Einst war der Bauer Trebo in Enneberg schwer erkrankt. Alles Medizinieren half nichts, und da gleichzeitig auch im Stall Unglück über Unglück erfolgte, mußte die Sache nicht mit rechten Dingen zugehen, und die Bäurin wandte sich gegen den Willen des Bauers an den Wundermann. Dieser erklärte, es müsse ihn ein Kind des Kranken um 10 Uhr nachts abholen, denn er dürfe vor allem andern nie allein den Weg zum Kranken machen; um 12 Uhr müsse dann die Arbeit beginnen.

Also kam um 10 Uhr in der Nacht der älteste Sohn des Bauern in die Wohnung des Männleins und holte es ab. Sie hatten einen Weg von zwei Stunden zu machen und trafen richtig punkt zwölfe ein. Das Männlein fragte die Bäurin, wie spät es sei. Auf ihre Antwort, daß es nun augenblicklich zwölfe schlagen werde, sagte er erschrocken: "Höchste Zeit!" Darauf befahl er der Bäurin, alles genau zu befolgen, was er ihr auftrage; sie werde es nicht zu bereuen haben.

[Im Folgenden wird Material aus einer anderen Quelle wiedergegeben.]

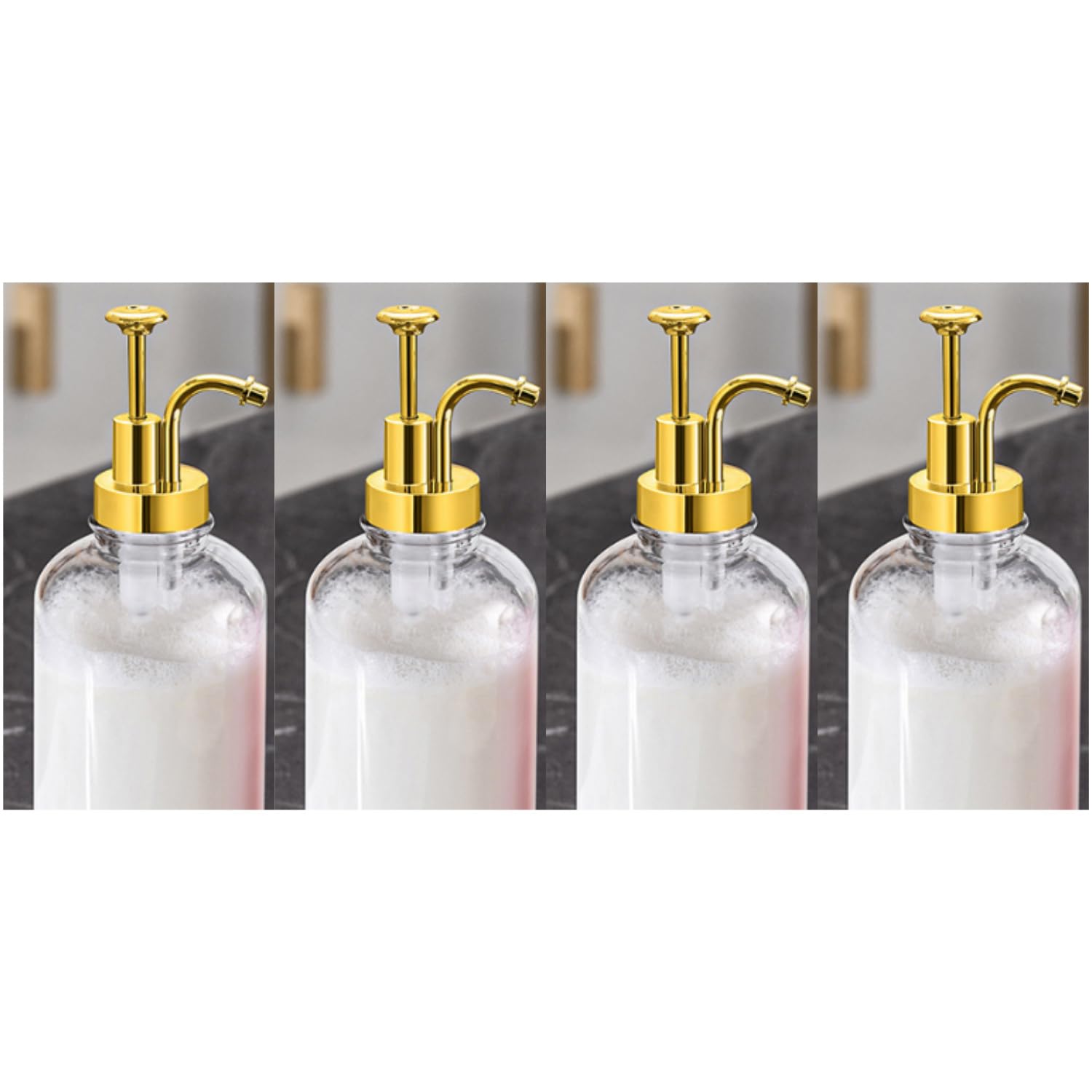 Coffee Syrup Dispenser 500 ml /16.9 oz, Glass Syrup Bottle Set of 4, Honey Dispenser with 36 Standard Labels and 5 Blank Labels, Gold Pumper, Funnel Included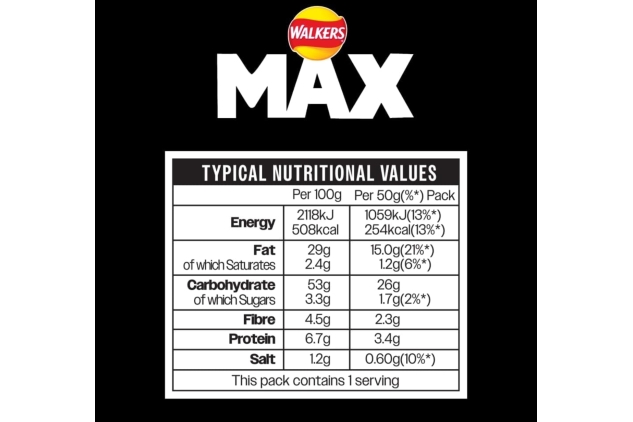 Walkers Max Paprika Crisps, 50g, Pack of 24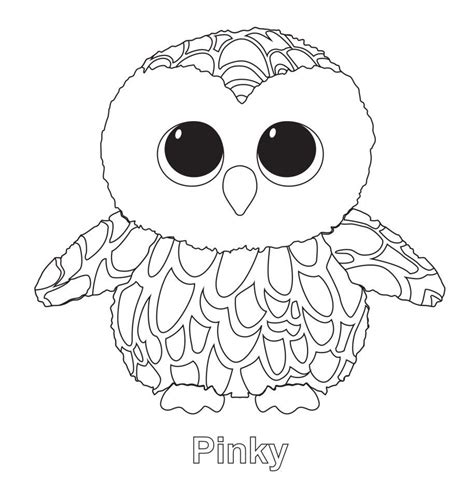 pinky  owl ty beanie boo beanie boo birthdays owl coloring pages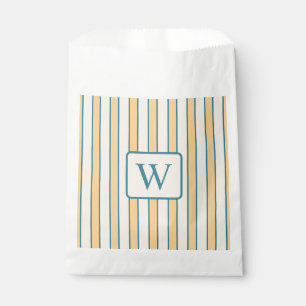Modern Retro Coral and Green Stripe Favour Bags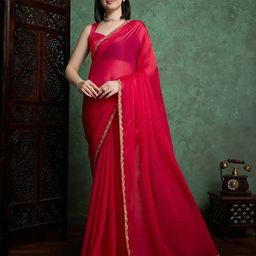 VRAGI Beads and Stones Pure Chiffon Saree-16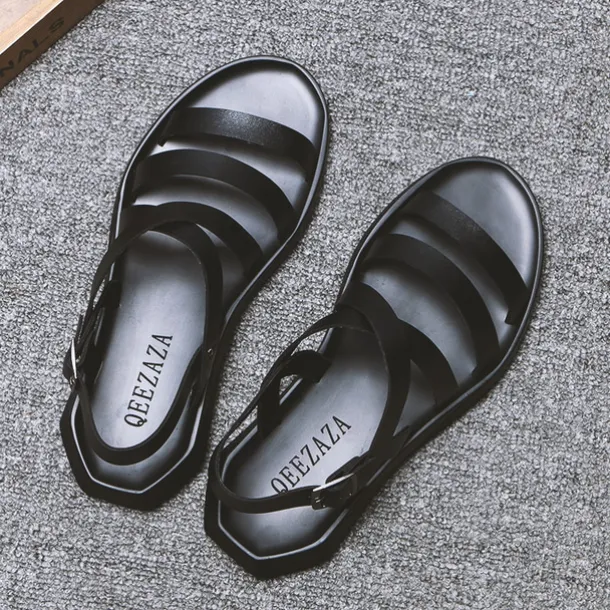 Men's Black Minimalist Faux Leather Sandals - Stylish Cross Strap Design with Buckle Closure for Summer Casual Wear
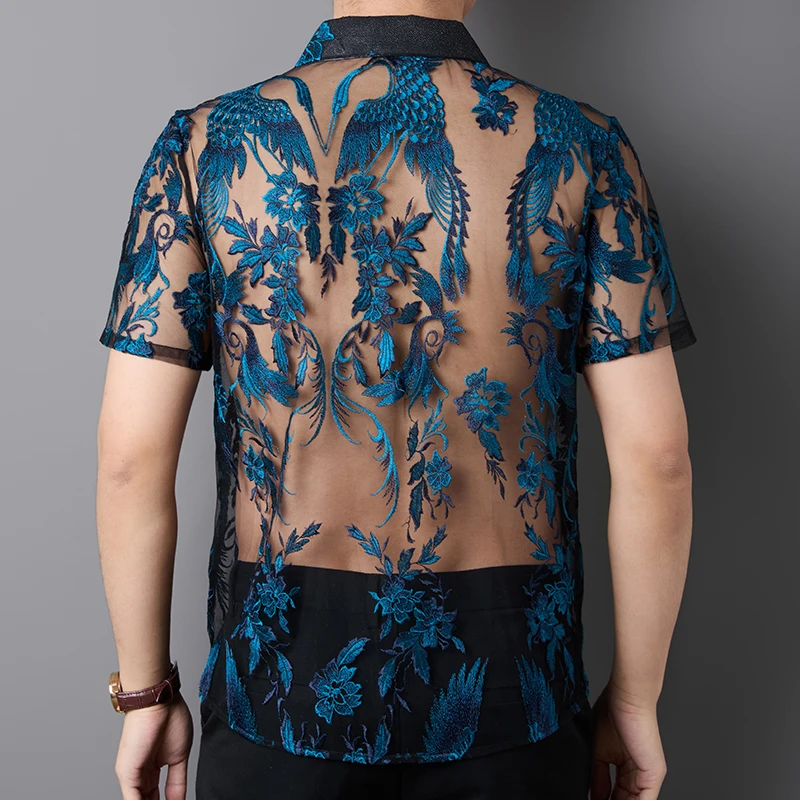 See Through Men  Night Club Clothes Sexy Hollow Mesh Shirt Short Sleeve Tops Embroidery Floral Transparent Dress Shirt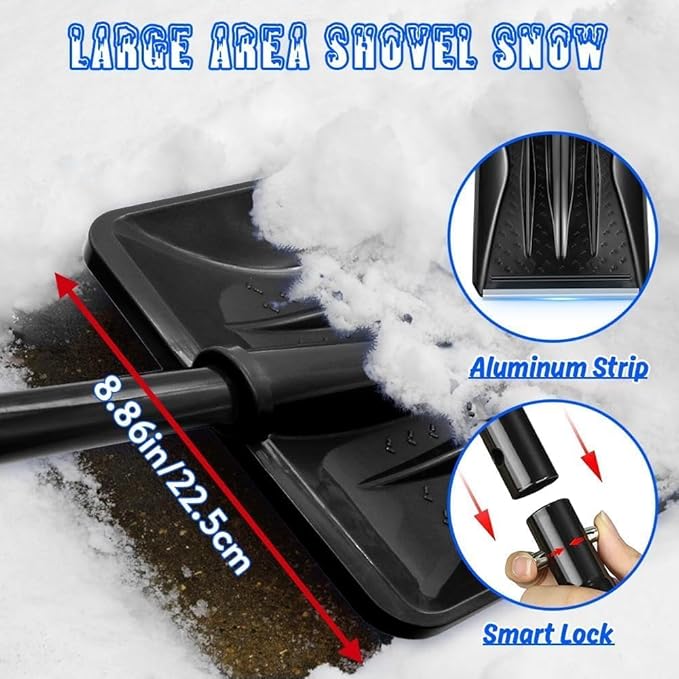 Snow Shovel for Car and Driveway, 42.5 Inch Foldable Lightweight Aluminum Alloy Ice Scraper, Heavy Duty Ergonomic Handle for Emergency Snow Removal, Garden, Black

Nun mußte sie auf dem Herd ein großes Feuer anmachen und zwei Sicheln hereinbringen. Das Männlein machte die Sicheln im Feuer glühend und hielt sie sodann übereinander gekreuzt so lange in die Höhe, bis das Eisen wieder kalt war. Dabei murmelte es geheimnisvoll. Hierauf zog es eine Schweinsblase aus einem Sack, hieß die Bäurin frische, rahmige Milch herbeischaffen und füllte die Blase mit Milch, gab auch etliches Wurzelwerk dazu, das er mitgebracht hatte, und band die Blase fest zu. So gefüllt, hängte er sie in den Kamin und gebot der Bäurin, sie nicht eher wieder herabzunehmen, als bis sie ganz zusammengeschrumpft wäre. Damit, sagte das Männlein, würde der böse Geist der Krankheit aus dem Hause gebannt.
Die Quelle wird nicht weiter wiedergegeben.